Action item
Using the string "leather" as the key, pull each matching line out of the records below.

Items from a data source
*** Block opens ***

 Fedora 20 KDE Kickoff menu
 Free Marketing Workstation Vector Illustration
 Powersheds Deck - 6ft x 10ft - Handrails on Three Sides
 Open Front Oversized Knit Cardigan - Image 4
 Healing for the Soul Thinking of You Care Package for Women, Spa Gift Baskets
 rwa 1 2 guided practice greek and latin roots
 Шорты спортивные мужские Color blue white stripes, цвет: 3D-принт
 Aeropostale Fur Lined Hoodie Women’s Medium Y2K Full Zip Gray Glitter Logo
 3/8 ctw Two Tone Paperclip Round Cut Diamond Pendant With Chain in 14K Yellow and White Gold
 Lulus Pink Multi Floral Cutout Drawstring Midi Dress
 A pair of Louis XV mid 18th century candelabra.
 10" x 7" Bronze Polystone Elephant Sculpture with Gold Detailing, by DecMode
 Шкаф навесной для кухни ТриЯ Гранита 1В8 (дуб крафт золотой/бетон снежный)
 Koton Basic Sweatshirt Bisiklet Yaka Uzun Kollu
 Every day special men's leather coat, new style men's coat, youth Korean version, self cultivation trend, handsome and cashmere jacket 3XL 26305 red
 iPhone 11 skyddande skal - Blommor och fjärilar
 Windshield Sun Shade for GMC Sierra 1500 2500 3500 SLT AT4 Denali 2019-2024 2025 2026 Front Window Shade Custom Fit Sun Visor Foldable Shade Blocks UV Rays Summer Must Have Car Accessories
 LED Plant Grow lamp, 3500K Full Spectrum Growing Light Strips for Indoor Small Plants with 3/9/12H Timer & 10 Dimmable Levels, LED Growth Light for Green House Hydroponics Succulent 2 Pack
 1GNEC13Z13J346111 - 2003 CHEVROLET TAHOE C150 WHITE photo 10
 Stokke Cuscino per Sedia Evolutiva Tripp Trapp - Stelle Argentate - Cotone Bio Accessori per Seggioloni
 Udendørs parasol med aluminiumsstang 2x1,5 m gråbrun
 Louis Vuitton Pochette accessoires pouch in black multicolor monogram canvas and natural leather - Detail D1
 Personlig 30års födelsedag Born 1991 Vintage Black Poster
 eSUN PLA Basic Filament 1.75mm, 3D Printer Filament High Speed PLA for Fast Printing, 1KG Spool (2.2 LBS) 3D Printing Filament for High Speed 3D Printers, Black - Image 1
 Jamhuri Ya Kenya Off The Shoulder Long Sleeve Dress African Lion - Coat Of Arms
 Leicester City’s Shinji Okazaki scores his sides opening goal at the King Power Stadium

*** Block closes ***

Solved exercise
 Every day special men's leather coat, new style men's coat, youth Korean version, self cultivation trend, handsome and cashmere jacket 3XL 26305 red
 Louis Vuitton Pochette accessoires pouch in black multicolor monogram canvas and natural leather - Detail D1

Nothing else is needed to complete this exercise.